In “I quattro venti”, il linguaggio è potentemente biblico e profetico. Parla di “ultimi tempi”, di “falsari” e di “eletti”, di un “sole oscuro” e di “angeli”. Ma la sua originalità sta nel contrapporre la spettacolarità dell’inganno (“gioco di prestigio”) alla rivelazione del vero, che è un “vento leggero”, un “imprevisto”. La luce di verità, per lui, non è “abbagliante”, ma attenua il suo splendore “per non accecare la vista dei giusti”. È una teologia della delicatezza e della discrezione.
In “Sorridi, esci…”, troviamo un riferimento filosofico di straordinaria precisione. Il verso “una è la fede e l’altra è la ragione con le quali lo spirito umano s’innalza” si ricollega all’enciclica Fides et Ratio di san Giovanni Paolo II, un riferimento inteso non come un semplice omaggio, ma come adozione di un’intera architettura di pensiero, che vede fede e ragione non nemiche, ma come ali necessarie per ascendere alla “contemplazione della verità”. Testi che non sono semplici liriche, ma veri e propri condensati di pensiero sapienziale, che richiedono un ascolto attento e meditativo.

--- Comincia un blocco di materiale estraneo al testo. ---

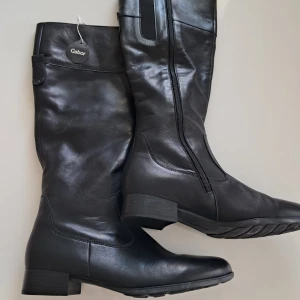 Svarta skinnstövlar från Gabor - Helt nya svarta stövlar från Gabor i mjukt skinn med låg klack och rund tå. Dragkedja på insidan för enkel påtagning och robust sula med bra grepp. Perfekta för dig som vill ha en klassisk look med bekväm passform.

Il confronto con la musica contemporanea:
Il parallelo con gran parte della musica contemporanea, specialmente quella pop, trap o indie che domina le classifiche, evidenzia la radicale unicità di Vespasiani. Mentre il mainstream si concentra su narrazioni di vita quotidiana (amori finiti, successo, denaro, disagio sociale) con un linguaggio spesso colloquiale e diretto, Vespasiani affronta temi universali e metafisici (il mistero, la natura dell’anima, la ricerca del senso. Dove la musica pop cerca la rima orecchiabile e il ritornello ripetitivo, Vespasiani costruisce una prosa poetica libera, che si fonda sul potere evocativo del simbolo e della metafora. Il suo linguaggio è letterario, non “cronachistico”. La musica contemporanea ha spesso una funzione di intrattenimento, di rispecchiamento generazionale o di commento sociale, quella di Vespasiani ha una funzione iniziatica, non cerca “facili sensibilizzazioni”, ma vuole essere “un’arte che apre la coscienza, che spalanca i portali del mistero”, richiede allo spettatore non un’adesione emotiva passeggera, ma un vero e proprio lavoro interiore. Mario Vespasiani si distingue perché la sua musica è un’estensione coerente e necessaria della sua intera poetica, come nella pittura non si accontenta della forma visibile ma ne cerca “l’energia, la sua aura”, così nei testi non si accontenta della narrazione ma ne cerca il “sentimento profondo”, l’archetipo, la risonanza spirituale. La sua originalità sta nell’aver creato un canzoniere che si potrebbe definire a tutti gli effetti “una pinacoteca di paesaggi interiori”. Ogni canzone (sono oltre cento quelle che ha scritto) è un’opera da contemplare, un codice da decifrare, un invito a guardare oltre la superficie del quotidiano per cogliere le vibrazioni segrete del reale. In un panorama musicale spesso dominato dal rumore, la sua è una presenza che, con la potenza della poesia e la profondità del pensiero, invita al silenzio generale, per godere dell’ascolto senza distrazioni fino alla meraviglia della scoperta.